Before we dive into more detail about ModeShape and metadata repositories, it's probably useful to explain what we mean by the term "metadata." Simply put, metadata is the information you need to manage something. For example, it's the information needed to configure an operating system, or the description of the information in an LDAP tree, or the topology of your network. It's the configuration of an application server or enterprise service bus. It's the steps involved in validating an application before it can go into production. It's the description of your database schemas, or of your services, or of the messages going in and coming out of a service. ModeShape is designed to be a repository for all this (and more).

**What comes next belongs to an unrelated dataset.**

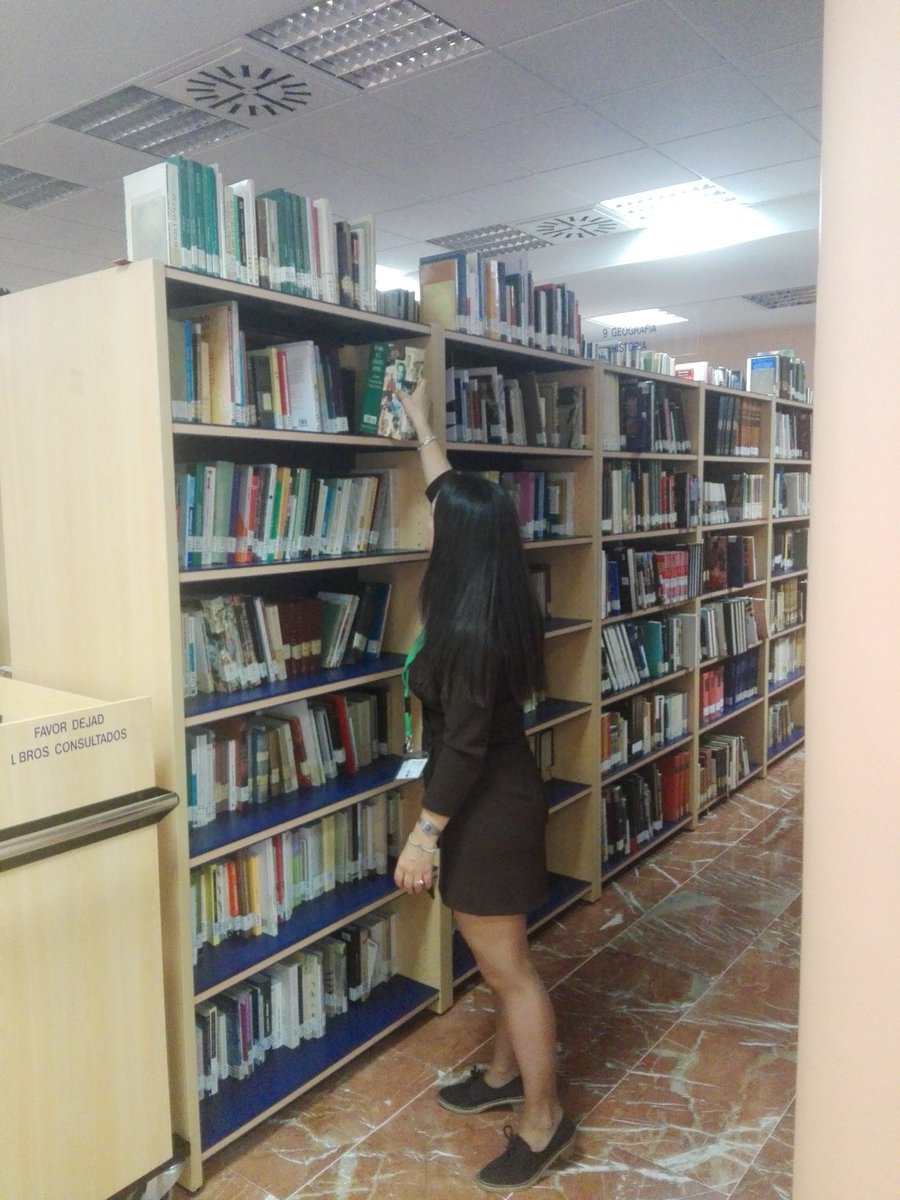 En Abril, libros mil.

There are a couple of important things to understand about metadata. First, many systems manage (and frequently change) their own metadata and information. Databases, applications, file systems, source code management systems, services, content management systems, and even other repositories are just a few types of systems that do this. We can't pull the information out and duplicate it, because then we risk having multiple copies that are out-of-sync. Ideally, we could access all of this information through a homogenous API that also provides navigation, caching, versioning, search, and notification of changes. That would make our lives significantly easier.
What we want is federation. We can connect to these back-end systems to dynamically access the content and project it into a single, unified repository. We can cache it for faster access, as long as the cache can be invalidated based upon time or event. But we also need to maintain a clear picture of where all the bits come from, so users can be sure they're looking at the right information. And we need to make it as easy as possible to write new connectors, since there are a lot of systems out there that have information we want to federate.

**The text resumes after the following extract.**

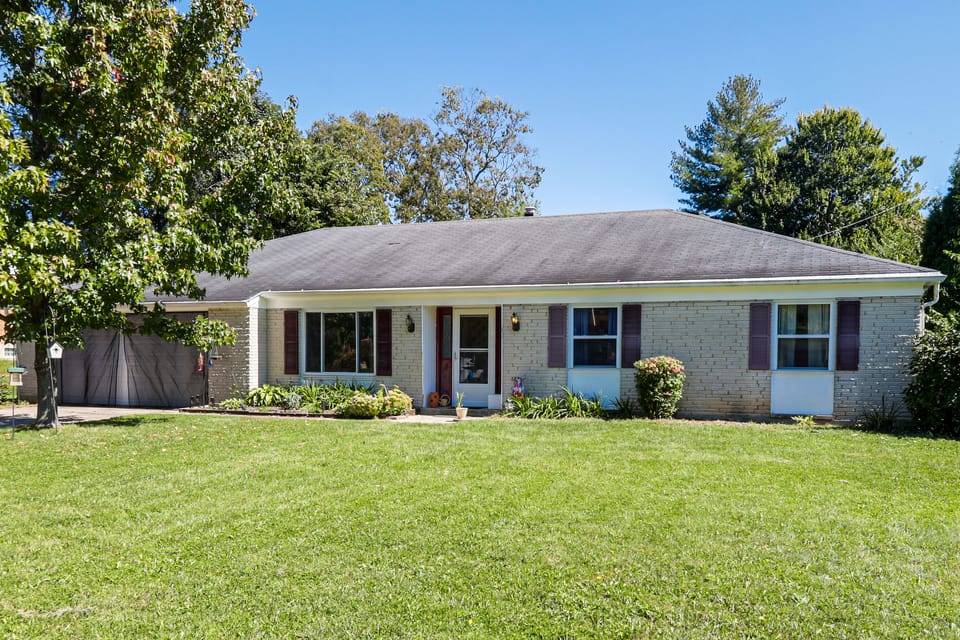Dayton Area Extended Stay w/ Half-Acre Garden House in Dayton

The second important characteristic of the metadata is that a lot of it is represented as files, and there are a lot of different file formats. These include source code, configuration files, web pages, database schemas, XML schemas, service definitions, policies, documents, spreadsheets, presentations, images, audio files, workflow definitions, business rules, and on and on. And logically if files contain metadata, we want to add those files to our metadata repository. The problem is, all that metadata is tied up as blobs in the repository. Ideally, our repository would automatically extract from those files the content that's most useful to us, and place that content inside the repository where it can be much more easily used, searched, related, and analyzed. ModeShape does exactly this via a process we call sequencing, and it's an important part of a metadata repository.

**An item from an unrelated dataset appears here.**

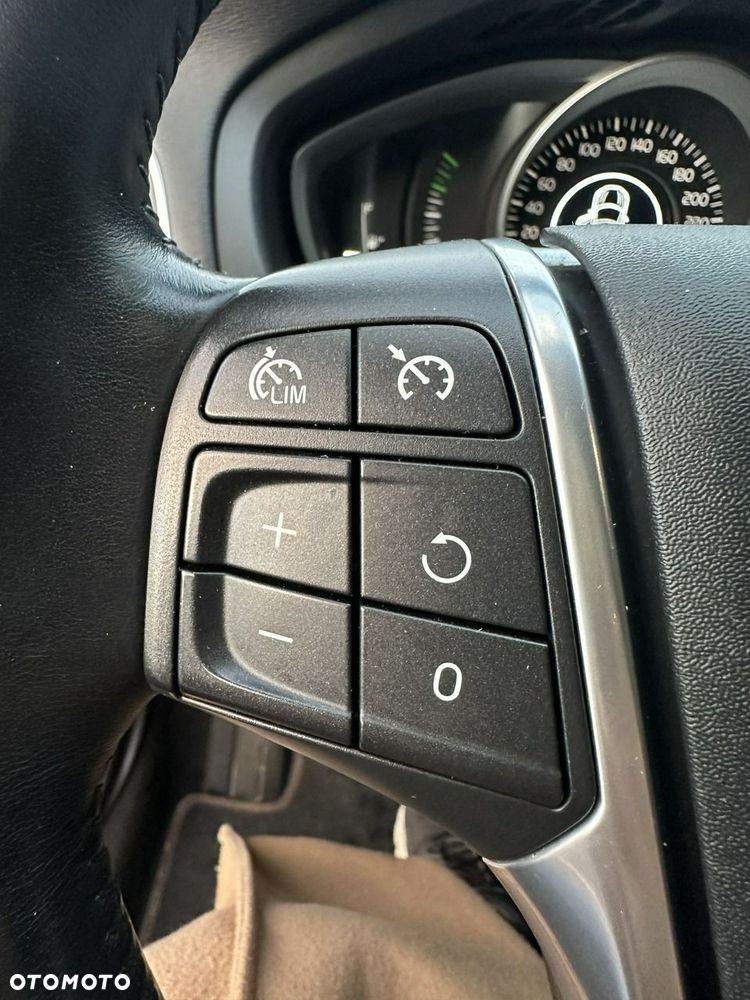 Volvo V40 - 19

The third important characteristic of metadata is that it rarely stays the same. Different consumers of the information need to see different views of it. Metadata about two similar systems is not always the same. The metadata often needs to be tagged or annotated with additional information. And the things being described often change over time, meaning the metadata has to change, too. As a result, the way in which we store and manage the metadata has to be flexible and able to adapt to our ever-changing needs, and the object model we use to interact with the repository must accommodate these needs. The graph-based nature of the JCR API provides this flexibility while also giving us the ability to constrain information when it needs to be constrained.